Point processes gained a significant amount of attention in statistics during the 1950s and 1960s. Cox (1955) [16] introduced the notion of a doubly stochastic process Poisson process (called the Cox process now) and Bartlett (1963) [8] investigated statistical methods for point processes based on their power spectral densities. Lewis (1964) [34] formulated a point process model (for computer power failure patters) which was a step in the direction of the HP. A nice introduction to the theory of point processes can be found in Daley et al. (1988) [17]. The first type of point process in the context of market microstructure is the autoregressive conditional duration (ACD) model introduced by Engel et al. (1998) [19].

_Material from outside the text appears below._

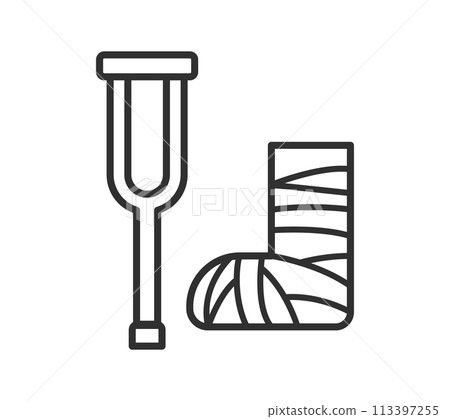 Simple line drawing illustration: injury 113397255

A recent application of HP is in financial analysis, in particular limit order books. In this paper, we study various new Hawkes processes, namely general compound Hawkes processes to model the price process in limit order books. We prove a Law of Larges Numbers (LLN) and a Function Central Limit Theorem (FCLT) for specific cases of these processes. Several of these FCLTs are applied to limit order books where we use asymptotic methods to study the link between price volatility and order flow in our models. The volatility of the price changes is expressed in terms of parameters describing the arrival rates and price changes. We also present some numerical examples. The general compound Hawkes process was first introduced in [40] to model the risk process in insurance and studied in detail in [41]. In the paper [43] we obtained functional CLTs and LLNs for general compound Hawkes processes with dependent orders and regime-switching compound Hawkes processes.

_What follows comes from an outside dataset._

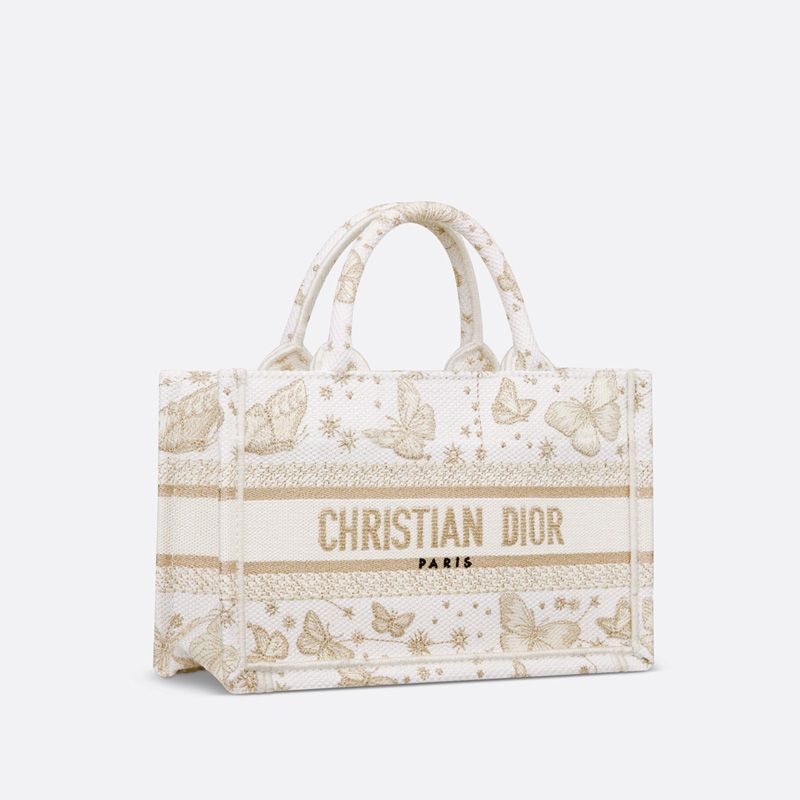 Hot Mini Dior Book Tote with Strap Butterfly Zodiac Motif Canvas White Gold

Bowsher (2007) [6] was the first one who applied the HP to financial data modelling. Cartea et al. (2011) [9] applied HP to model market order arrivals. Filimonov and Sornette (2012) [25] and Filimonov et al. (2013) [26] applied the HPs to estimate the percentage of price changes caused by endogenous self-generated activity rather than by the exogenous impact of news or novel information. Bauwens and Hautsch (2009) [7] used a five dimensional HP to estimate multivariate volatility between five stocks, based on price intensities. Hewlett (2006) [29] used the instantaneous jump in the intensity caused by the occurrence of an event to qualify the market impact of that event, taking into account the cascading effect of secondary events causing further events. Hewlett (2006) [29] also used the Hawkes model to derive optimal pricing strategies for market makers and optimal trading strategies for investors given that the rational market makers have the historic trading data. Large (2007) [32] applied a Hawkes model for the purpose of investigating market impact, with a specific interest in order book resiliency. Specifically, he considered limit orders, market orders and cancellations on both the buy and sell side, and further categorizes these events based on their level of aggression, resulting in a ten dimensional Hawkes process. Other econometric models based on marked point processes with stochastic intensity include autoregressive conditional intensity (ACI) models with the intensity depending on its history. Hasbrouck (1999) [30] introduced a multivariate point process to model the different events of an order book but did not parametrize the intensity. We note that Brémaud et al. (1996) [4] generalized the HP to its nonlinear form. Also, a functional central limit theorem for nonlinear Hawkes processes was obtained in Zhu (2013) [49]. The ’Hawkes diffusion model’ introduced in Ait-Sahalia et al. (2013) [1] attempted to extend previous models of stock prices to include financial contagion. Chavez-Demoulin et al. (2012) [12] used Hawkes processes to model high-frequency financial data. An application of affine point processes to portfolio credit risk may be found in Errais et al. (2010) [24]. Some applications of Hawkes processes to financial data are also given in Embrechts et al. (2011) [23].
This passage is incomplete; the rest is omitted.